一次读取多个Python腌制数据,缓冲和换行符? [英] Reading multiple Python pickled data at once, buffering and newlines?
问题描述
为您提供背景信息:
我有一个大文件f
,大小为几Gig.它包含通过运行
I have a large file f
, several Gigs in size. It contains consecutive pickles of different object that were generated by running
for obj in objs: cPickle.dump(obj, f)
在读取此文件时,我想利用缓冲的优势.我想要的是一次将几个拾取的对象读入缓冲区.最好的方法是什么?我想要腌制数据的readlines(buffsize)
类似物.实际上,如果所选择的数据确实是换行符分隔的,则可以使用读取行,但是我不确定这是否正确.
I want to take advantage of buffering when reading this file. What I want, is to read several picked objects into a buffer at a time. What is the best way of doing this? I want an analogue of readlines(buffsize)
for pickled data. In fact if the picked data is indeed newline delimited one could use readlines, but I am not sure if that is true.
我要记住的另一个选择是先将腌制的对象dumps()
成字符串,然后再将字符串写到文件中,每个字符串之间都用换行符分隔.要读回文件,我可以使用readlines()
和loads()
.但是我担心,腌制后的对象可能具有"\n"
字符,它会抛出该文件读取方案.我的恐惧是没有根据的吗?
Another option that I have in mind is to dumps()
the pickled object to a string first and then to write the strings to a file, each separated by a newline. To read the file back I can use readlines()
and loads()
. But I fear that a pickled object may have the "\n"
character and it will throw off this file reading scheme. Is my fear unfounded ?
一种选择是将其腌制为大量对象,但这将需要更多的内存,而我无法承受.可以通过多线程加速设置,但是我不想在缓冲正常工作之前就去那里.对于这种情况,最佳实践"是什么.
One option is to pickle it out as a huge list of objects, but that will require more memory than I can afford. The setup can be sped up by multi-threading but I do not want to go there before I get the buffering working properly. Whats the "best practice" for situations like this.
我还可以将原始字节读入缓冲区并在其上调用负载,但是我需要知道该负载消耗了该缓冲区的多少个字节,这样我才能将头扔掉.
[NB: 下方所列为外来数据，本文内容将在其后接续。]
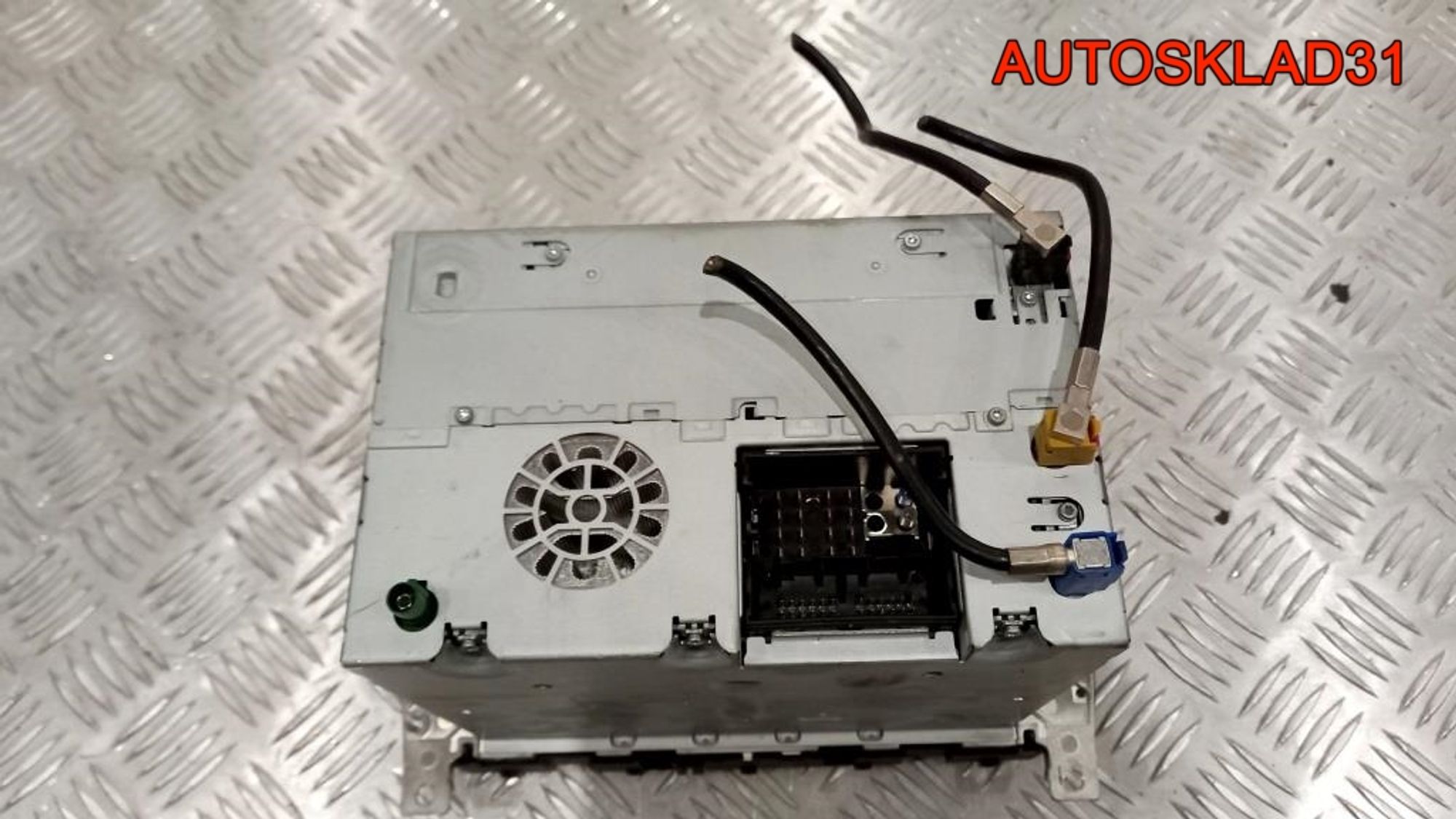 Магнитола Mercedes Benz W203 A2038701089, 15000 рублей, Дубовое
I can also read in raw bytes into a buffer and invoke loads on that, but I need to know how many bytes of that buffer was consumed by loads so that I can throw the head away.
推荐答案
file.readlines()返回文件全部内容的列表.您需要一次阅读几行.我认为这个简单的代码应该可以释放您的数据:
file.readlines() returns a list of the entire contents of the file. You'll want to read a few lines at a time. I think this naive code should unpickle your data:
import pickle
infile = open('/tmp/pickle', 'rb')
buf = []
while True:
line = infile.readline()
if not line:
break
buf.append(line)
if line.endswith('.\n'):
print 'Decoding', buf
print pickle.loads(''.join(buf))
buf = []
如果您对生成泡菜的程序有任何控制权,我将选择以下其中一项:
If you have any control over the program that generates the pickles, I'd pick one of:
- 使用
shelve
模块. - 在将每个泡菜写入文件之前,打印每个泡菜的长度(以字节为单位),以便您确切知道每次要读取多少个字节.
- 与上述相同,但是将整数列表写入一个单独的文件中,以便您可以将这些值用作保存泡菜的文件的索引.
- 一次腌制K个对象的列表.以字节为单位写该泡菜的长度.写泡菜.重复.
- Use the
shelve
module. - Print the length (in bytes) of each pickle before writing it to the file so that you know exactly how many bytes to read in each time.
- Same as above, but write the list of integers to a separate file so that you can use those values as an index into the file holding the pickles.
- Pickle a list of K objects at a time. Write the length of that pickle in bytes. Write the pickle. Repeat.
顺便说一句,我怀疑file
的内置缓冲应该为您提供99%的性能提升.
By the way, I suspect that the file
's built-in buffering should get you 99% of the performance gains you're looking for.
如果您确信I/O阻止了您,您是否考虑过尝试mmap()
并让OS一次处理成块打包?
If you're convinced that I/O is blocking you, have you thought about trying mmap()
and letting the OS handle packing in blocks at a time?
#!/usr/bin/env python
import mmap
import cPickle
fname = '/tmp/pickle'
infile = open(fname, 'rb')
m = mmap.mmap(infile.fileno(), 0, access=mmap.ACCESS_READ)
start = 0
while True:
end = m.find('.\n', start + 1) + 2
if end == 1:
break
print cPickle.loads(m[start:end])
start = end
这篇关于一次读取多个Python腌制数据,缓冲和换行符?的文章就介绍到这了,希望我们推荐的答案对大家有所帮助,也希望大家多多支持IT屋!